Em Timor, os líderes entraram literalmente em retiro e só deverão sair dessa espécie de transe político depois do fim-de-semana, por imposição do presidente Ramos-Horta, que decidiu dar um prazo apertado a Alkatiri e Xanana – os dois grandes adversários saídos das eleições legislativas de 30 de Junho – para se entenderem quanto à formação do novo governo. A Fretilin e a aliança pós-eleitoral liderada pelo CNRT de Xanana Gusmão têm até segunda-feira para selarem um acordo e irem juntos para o poder ou, caso contrário, terão de se sujeitar ao livre arbítrio de Ramos-Horta.
O presidente decidiu que vai escolher no início da próxima semana quem irá estar à frente dos destinos do país nos próximos cinco anos e está determinado em dar posse ao futuro executivo a 1 de Agosto, qualquer que seja o desfecho das tentativas de diálogo entre os dois rivais.
Ramos-Horta diz estar “prudentemente optimista”, nesta altura, sobre a capacidade de entrosamento entre o partido vencedor das legislativas (Fretilin, com 29%) e o segundo partido mais votado (CNRT, com 24%), que assegurou a maioria parlamentar após uma coligação feita com o PD (Partido Democrático), a ASDT (Associação Social-Democrata de Timor) e o PSD (Partido Social-Democrata).
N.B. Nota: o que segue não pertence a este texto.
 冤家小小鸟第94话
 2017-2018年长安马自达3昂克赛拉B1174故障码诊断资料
O presidente timorense tem sido o maior entusiasta de um governo de inclusão que junte no conselho de ministros as formações de Alkatiri e Xanana. “Essa é a leitura que eu faço do resultado destas eleições. E das mensagens que tenho recebido do povo, às centenas, não há uma única que não aponte para um governo de inclusão. Nenhuma outra solução é capaz de garantir a estabilidade do país”.
Líderes em reflexão
Na quinta-feira, todos os líderes dos partidos que ganharam lugares de deputado nas legislativas recolheram juntos ao convento de Dare, nos arredores de Díli, para um dia intenso de reflexão e confrontação, saindo de lá com tudo ainda em aberto. Segundo relatos feitos ao Expresso, a manhã foi dramática. Xanana Gusmão fez um discurso de quase uma hora com acusações sobre a má governação da Fretilin, terminando com a recusa de qualquer hipótese de acordo. Quando se calou, Alkatiri e Lu-Olo, o secretário-geral e o presidente do partido, responderam à letra. Foi preciso esperar pela tarde para o ambiente ficar mais descontraído, abrindo espaço para o CNRT de Xanana readmitir a possibilidade de um governo de inclusão.
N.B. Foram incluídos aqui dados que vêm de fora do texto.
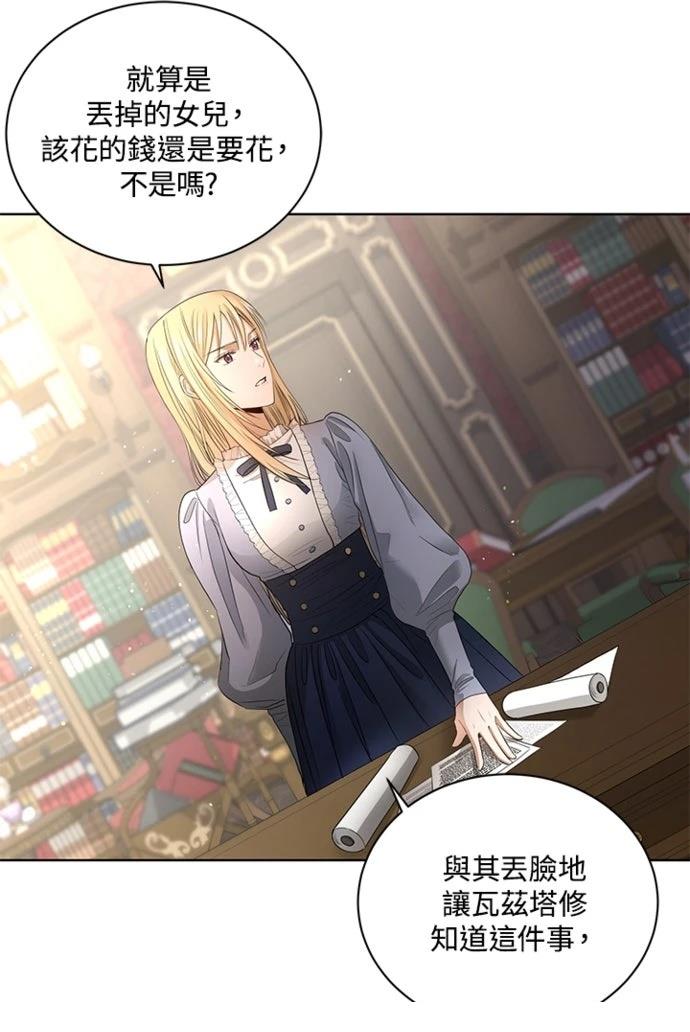 第4话41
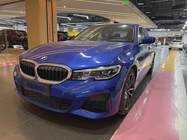 BMW 3 Series 2020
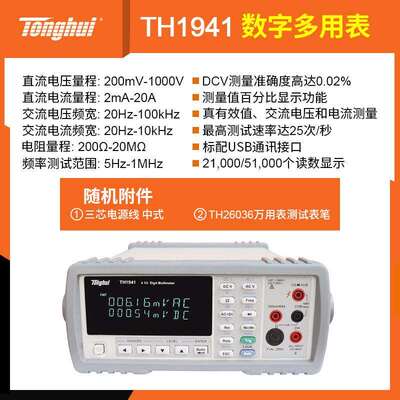 高精度台式万用表6位半常州同惠TH1963/1953 数字万用表毫伏5位半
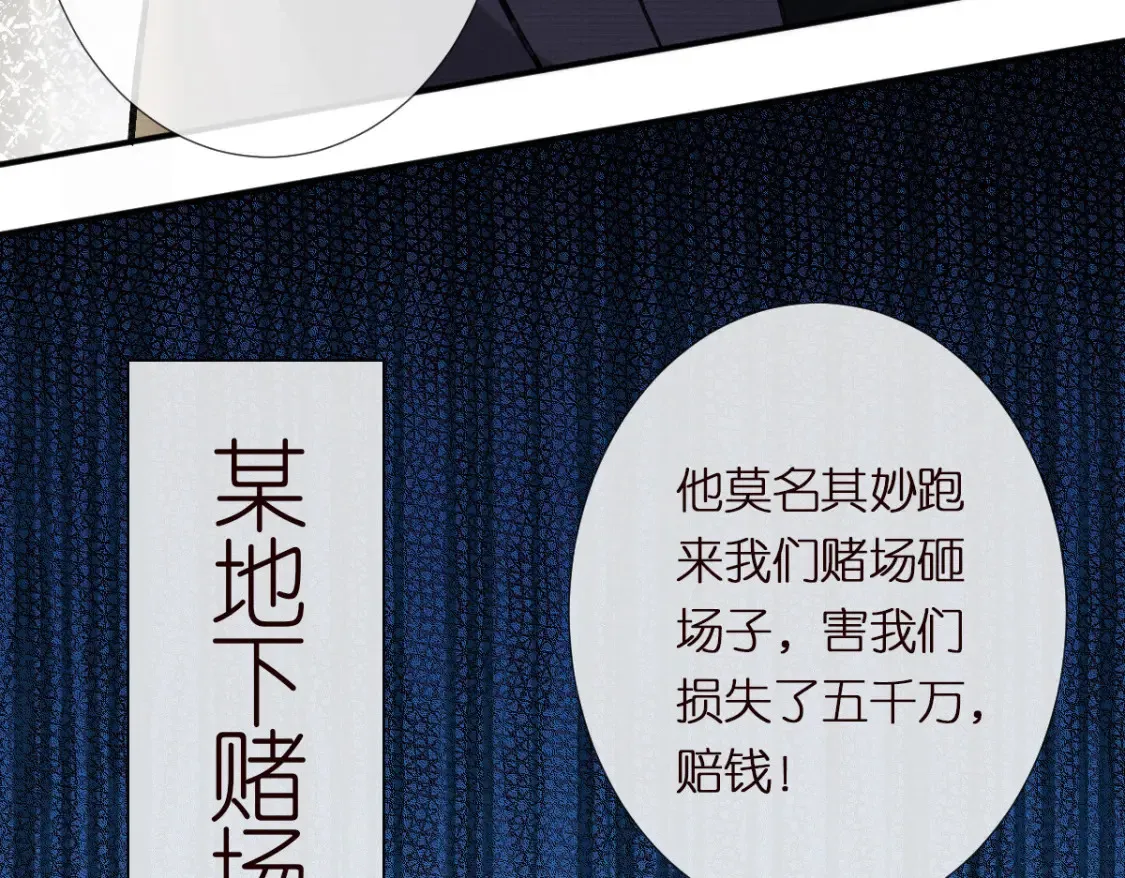第289 姐！救命！85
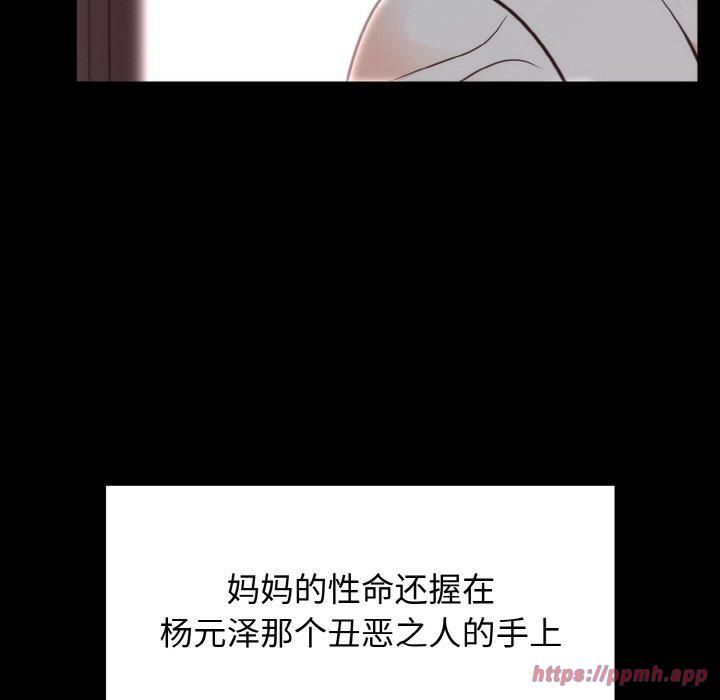 《婚姻束缚》漫画 第6話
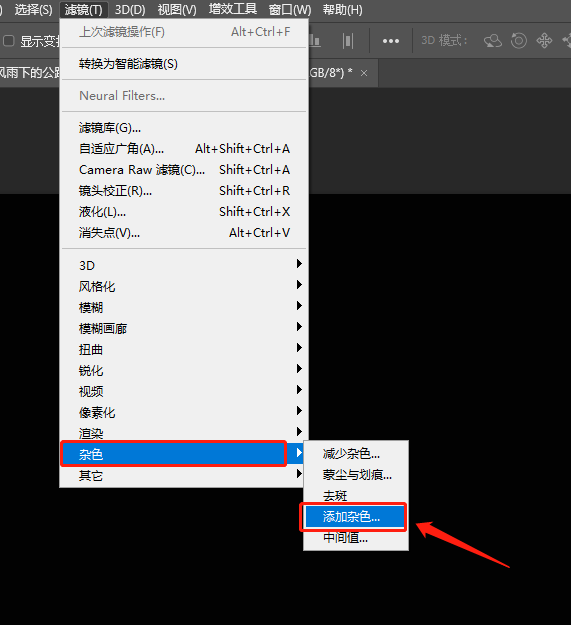 PS如何制作下雨效果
No retiro de Dare, além da notória fragilidade das relações entre Alkatiri e Xanana, houve um outro sinal evidente sobre o mal-estar provocado pelos encontros promovidos pelo presidente: Mário Carrascalão, presidente do PSD, não compareceu. As operações de charme em torno do antigo governador de Timor parecem não ter resultado.
Se a aliança de Xanana avançar para um namoro de conveniência com a Fretilin, o mais provável é o PSD bater com a porta. E aí, num governo onde quase toda a gente estará dentro e quase ninguém estará fora, restará afinal alguém para cumprir uma das práticas mais saudáveis em democracia: oposição.